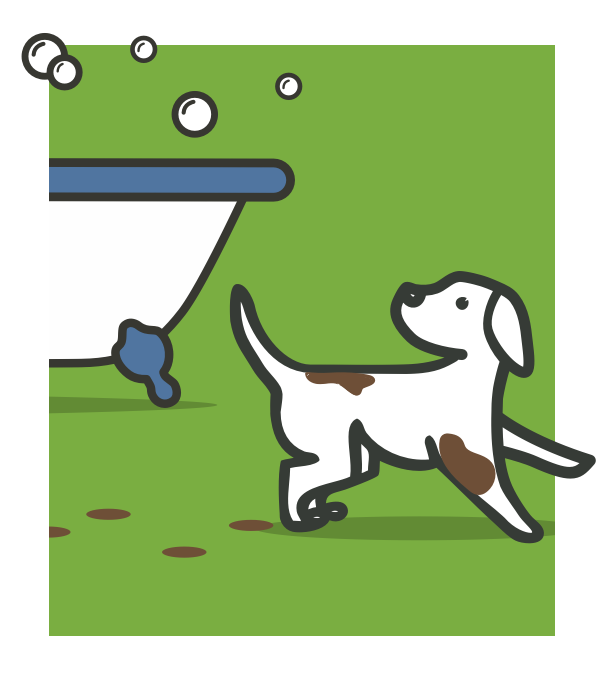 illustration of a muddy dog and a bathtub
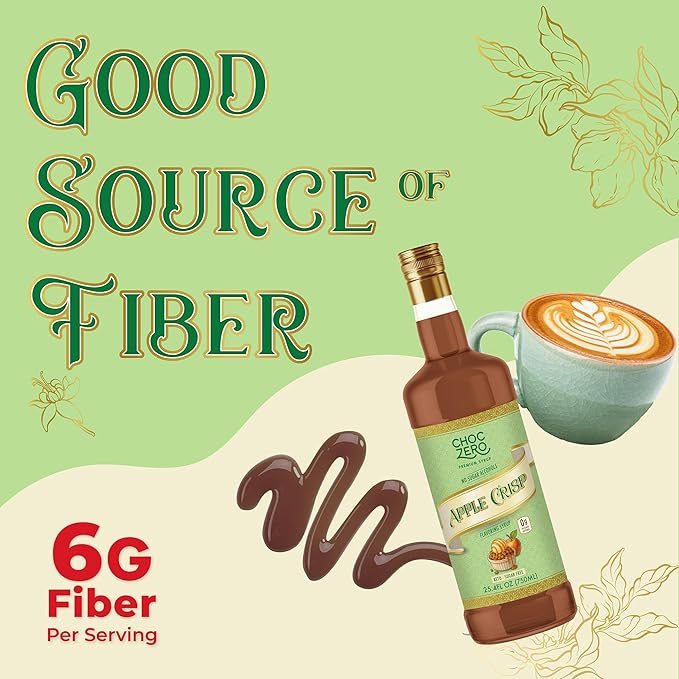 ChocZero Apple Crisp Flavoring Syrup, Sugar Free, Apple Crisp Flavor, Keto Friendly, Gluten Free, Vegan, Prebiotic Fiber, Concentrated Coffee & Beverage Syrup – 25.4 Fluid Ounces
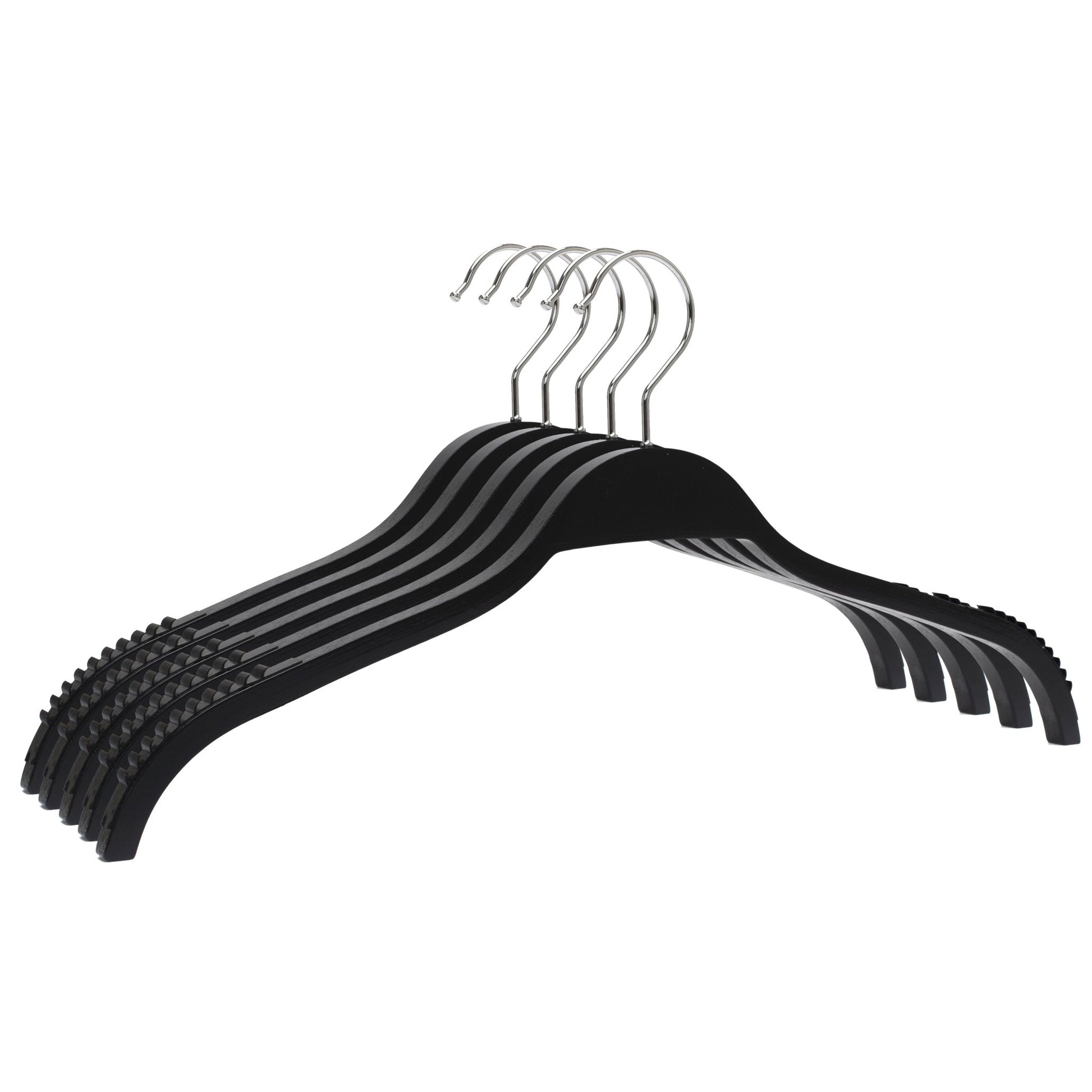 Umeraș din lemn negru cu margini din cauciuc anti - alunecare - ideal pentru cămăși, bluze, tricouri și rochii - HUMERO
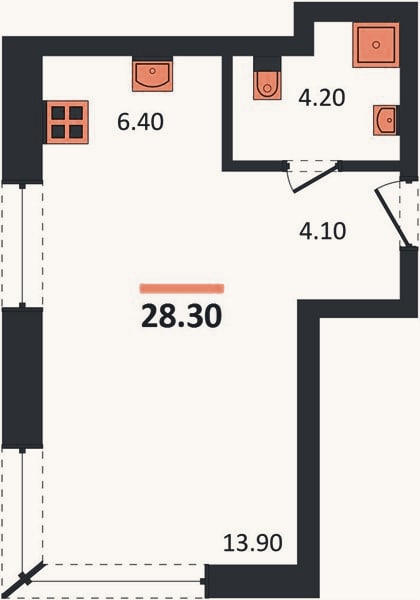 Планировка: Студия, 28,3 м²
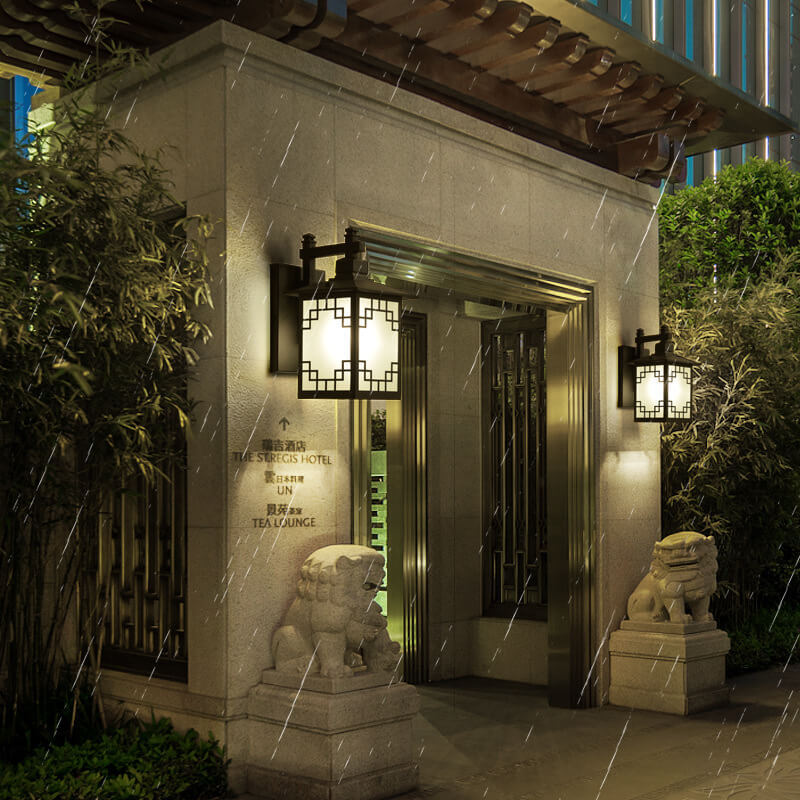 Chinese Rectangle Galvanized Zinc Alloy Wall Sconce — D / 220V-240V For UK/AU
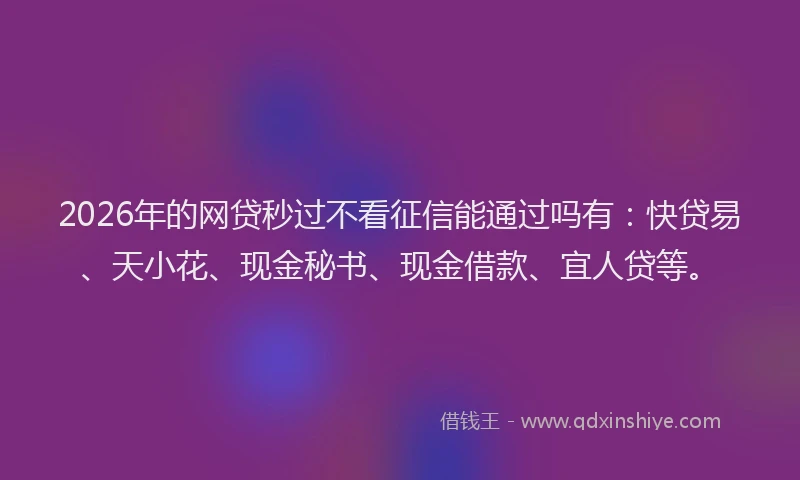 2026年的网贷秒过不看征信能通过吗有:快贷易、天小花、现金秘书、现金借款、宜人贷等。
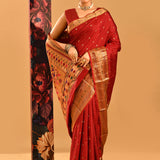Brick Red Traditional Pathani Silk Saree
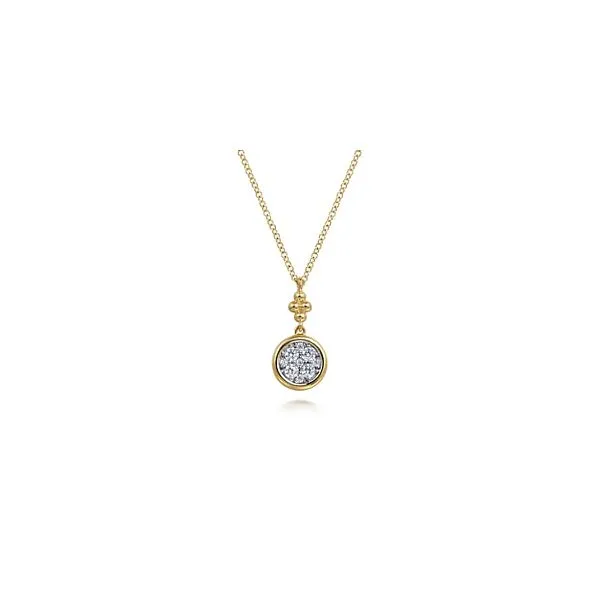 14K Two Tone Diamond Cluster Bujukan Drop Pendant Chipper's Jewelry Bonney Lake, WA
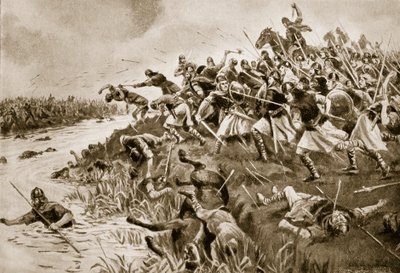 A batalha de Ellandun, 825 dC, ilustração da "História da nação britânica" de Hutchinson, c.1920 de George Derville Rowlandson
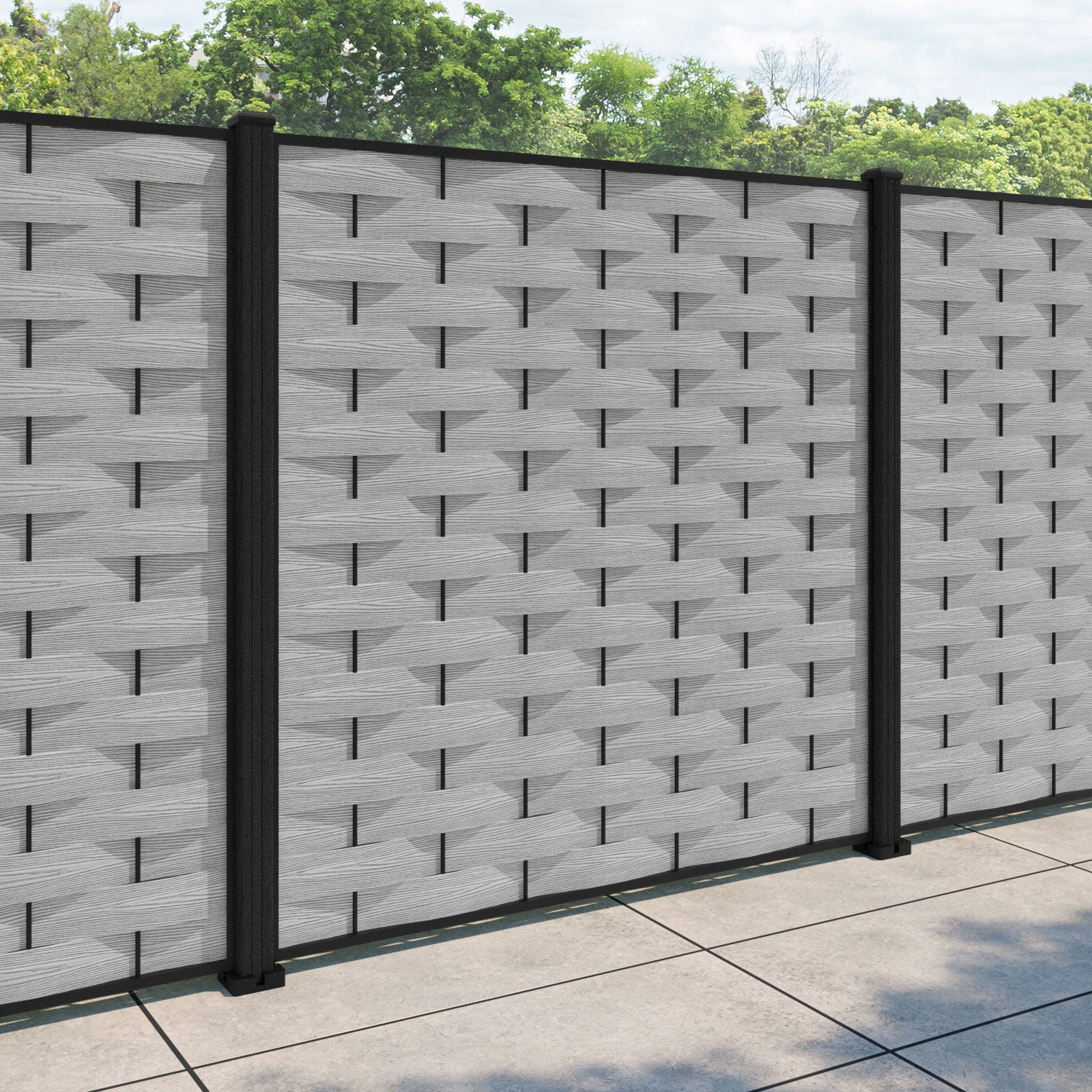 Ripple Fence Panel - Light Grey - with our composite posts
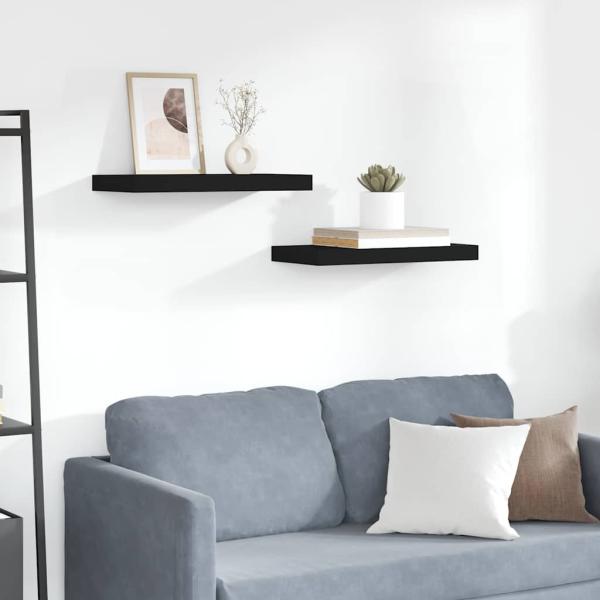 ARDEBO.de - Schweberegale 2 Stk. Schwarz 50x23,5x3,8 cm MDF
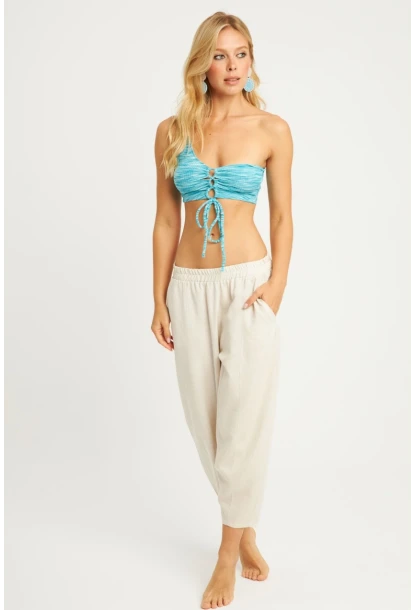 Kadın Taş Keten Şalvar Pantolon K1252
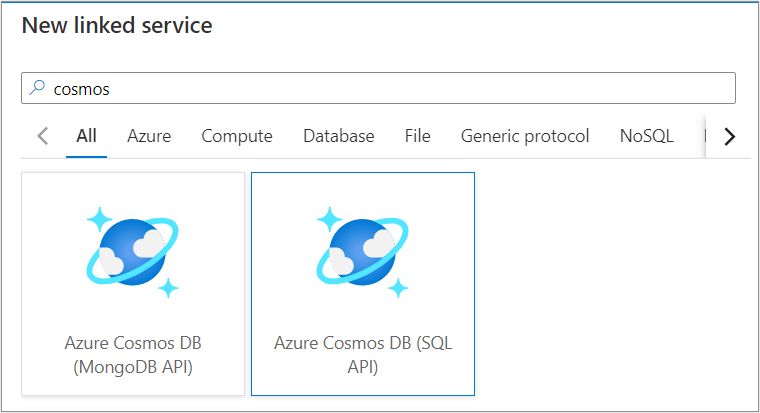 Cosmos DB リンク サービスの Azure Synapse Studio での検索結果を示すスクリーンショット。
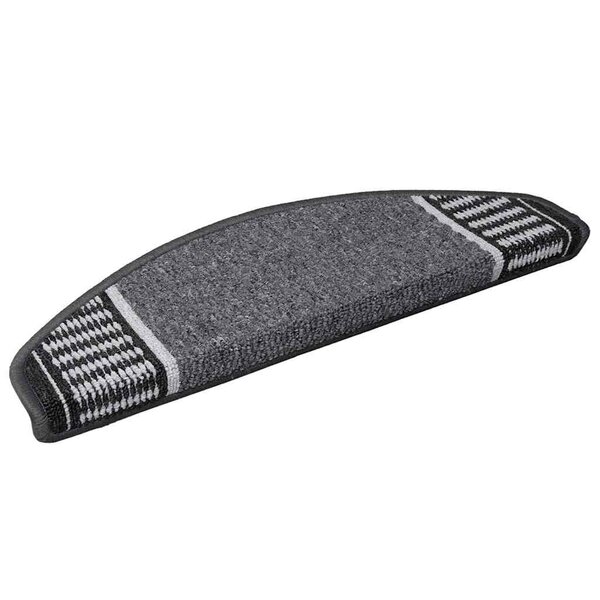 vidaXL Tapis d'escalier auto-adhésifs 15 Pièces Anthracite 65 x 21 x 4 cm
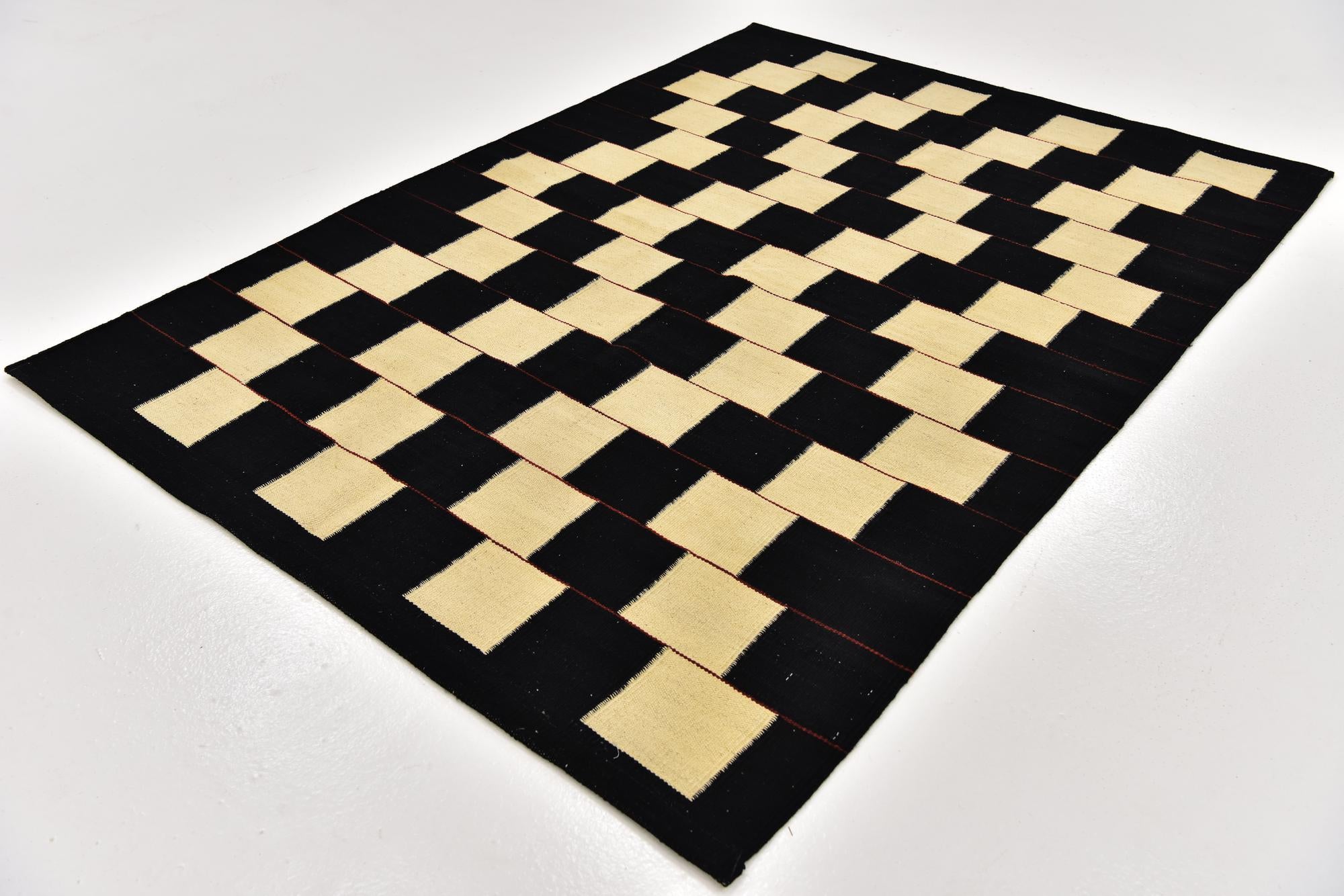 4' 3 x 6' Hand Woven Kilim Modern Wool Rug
┄┄┄┄┄┄┄┄┄┄┄┄┄┄┄┄┄┄┄┄
Exercise aim — Starting from the first line of the listing above, write out every line exactly through the one containing "ARDEBO.de - Schweberegale", and drop the pictures.

Output of the task —
 illustration of a muddy dog and a bathtub
 ChocZero Apple Crisp Flavoring Syrup, Sugar Free, Apple Crisp Flavor, Keto Friendly, Gluten Free, Vegan, Prebiotic Fiber, Concentrated Coffee & Beverage Syrup – 25.4 Fluid Ounces
 Umeraș din lemn negru cu margini din cauciuc anti - alunecare - ideal pentru cămăși, bluze, tricouri și rochii - HUMERO
 Планировка: Студия, 28,3 м²
 Chinese Rectangle Galvanized Zinc Alloy Wall Sconce — D / 220V-240V For UK/AU
 2026年的网贷秒过不看征信能通过吗有:快贷易、天小花、现金秘书、现金借款、宜人贷等。
Brick Red Traditional Pathani Silk Saree
 14K Two Tone Diamond Cluster Bujukan Drop Pendant Chipper's Jewelry Bonney Lake, WA
 A batalha de Ellandun, 825 dC, ilustração da "História da nação britânica" de Hutchinson, c.1920 de George Derville Rowlandson
 Ripple Fence Panel - Light Grey - with our composite posts
 ARDEBO.de - Schweberegale 2 Stk. Schwarz 50x23,5x3,8 cm MDF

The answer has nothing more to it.